Parte di quest’acqua rigela, ma quantità crescenti s’infiltrano nella massa e accelerano l’aumento di temperatura del ghiacciaio freddo. Questa acqua “fa salire molto di più la temperatura di quanto lo farebbe l’aumento della temperatura dell’aria”.

A livello locale, tale evoluzione dei ghiacciai freddi può far temere valanghe su pendii ripidi, ai piedi dei ghiacciai pensili. Ma le conseguenze sono decisamente più critiche a livello planetario.

In primo luogo scompaiono gli archivi climatici, osserva il professore. Questi ghiacci antichi contengono la composizione dell’aria di periodi climatici differenti. Ciò consente, tramite carotaggi, di studiare scientificamente i cicli climatici.

Ma la posta in gioco è ancora più diretta.”Nell’Antartide, in Groenlandia e nell’Artico, ci sono vaste superfici glaciali molto fredde. Le misurazioni sono ancora lacunose, ma diversi studi hanno riportato un aumento delle temperature”, spiega Martin Hölzle.

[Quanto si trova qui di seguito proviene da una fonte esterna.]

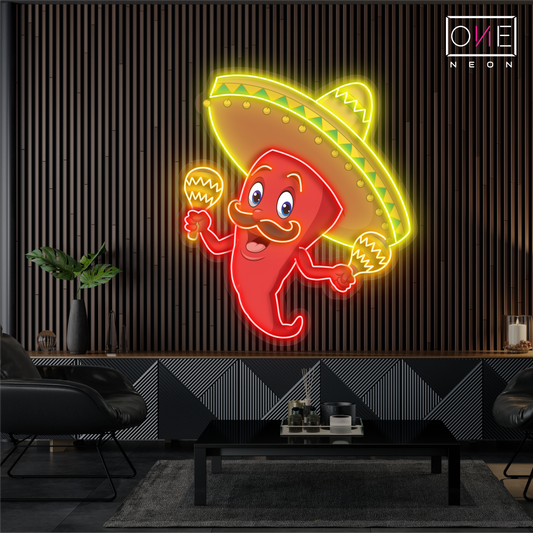 Enseigne au néon LED « Spicy Fiesta »
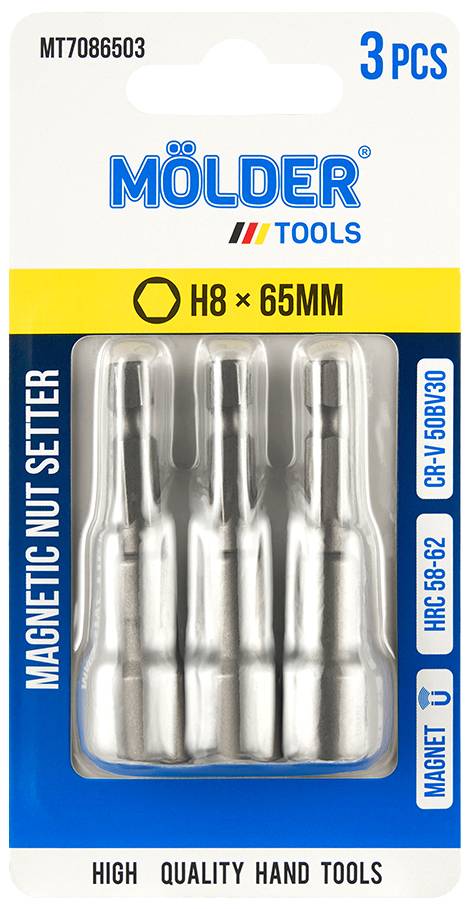 Купити Біта для викрутки Molder 8x65 мм 3 шт. в блістері (MT7086503) - Фото 1 Біта для викрутки Molder 8x65 мм 3 шт. в блістері (MT7086503) - Фото 1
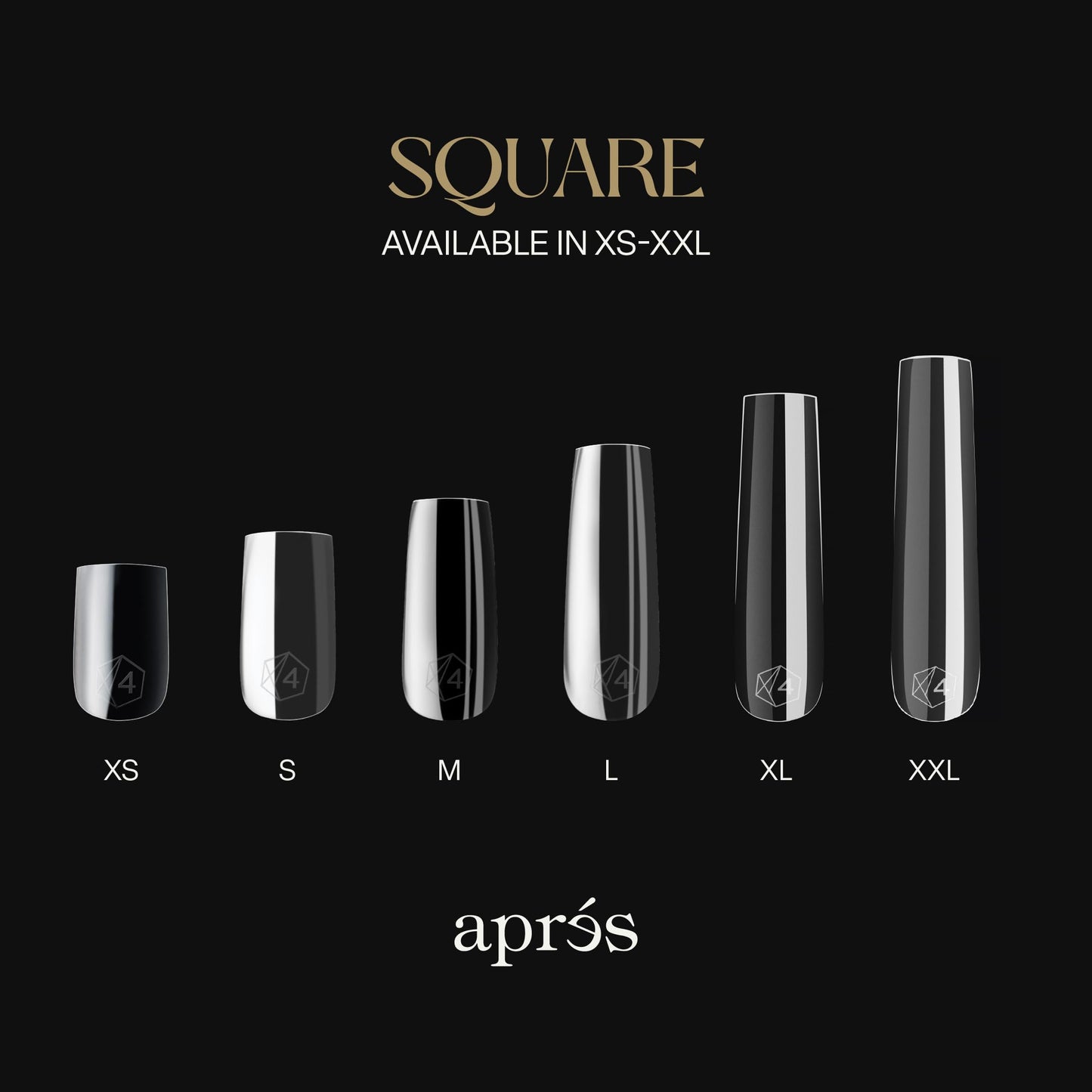 Aprés Gel-X® Square Box of Nail Tips | 280 Gel-X Tips, Soft Tips, 14 Sizes 00-9 | Half-sizes Included (Natural Square Medium, 280 Count) Beauty & Personal Care APRÉS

Ai Poli come al Monte Rosa

Il ricercatore svizzero si dice “convinto che processi simili [a quelli osservati alla punta Gnifetti] sono in atto in queste regioni. Si vede peraltro che in Groenlandia lo scioglimento è molto più forte negli ultimi anni rispetto a prima”.

È chiaro: lo scienziato teme che il riscaldamento climatico acceleri ulteriormente lo scioglimento dei ghiacci e l’innalzamento del livello dei mari.

“I nostri risultati sono sulla stessa linea di quelli pubblicati dall’IPCC [Gruppo intergovernativo di esperti sul cambiamento climatico]”, dice Martin Hölzle, per il quale questo studio evidenzia la necessità urgente di sviluppare le tecnologie verdi e di ridurre le emissioni di gas ad effetto serra responsabili del cambiamento climatico.

“I ghiacciai sono molto sensibili alle variazioni di temperatura dell’aria, reagiscono molto velocemente. Noi scienziati cerchiamo di documentare ciò che accade e di spiegare i processi in corso. Ma le decisioni spettano ai cittadini e ai politici. È importante che capiscano la necessità di reagire”.

Lo studio condotto da Martin Hölzle con i colleghi di Zurigo e Argovia è basato su una serie di misurazioni di temperatura glaciale rilevate negli anni 1982, ’91, ’94, ’95, ’99, 2000, 2003, 2007 e 2008 a un’altitudine di 4452 metri, in cima al nevaio di Punta Gnifetti.

Dalla ricerca non emerge alcun aumento di temperatura a 20 metri di profondità nel ghiaccio tra il 1982 e il 1991. Ma l’aumento è stato di 0,05 gradi centigradi all’anno tra il 1982 e il 1991, e di 0,16 gradi all’anno tra il 2000 e il 2008, pari a un totale di 1,3 gradi.

“Queste misure di temperatura sono una chiara prova del riscaldamento del nevaio dal 1991”, scrivono gli autori.

A valle della Punta Gnifetti sul Grenzgletscher, il riscaldamento del ghiaccio è risultato più elevato, ossia 6,8 gradi tra il 1991 e il 2008, pari a 0,4 all’anno.

I rilevamenti nella regione del Monte Rosa proseguono. Essi incorporano i lavori di ricerca e d’inventario dei ghiacciai in Svizzera, sotto l’egida dell’Accademia svizzera di scienze naturali.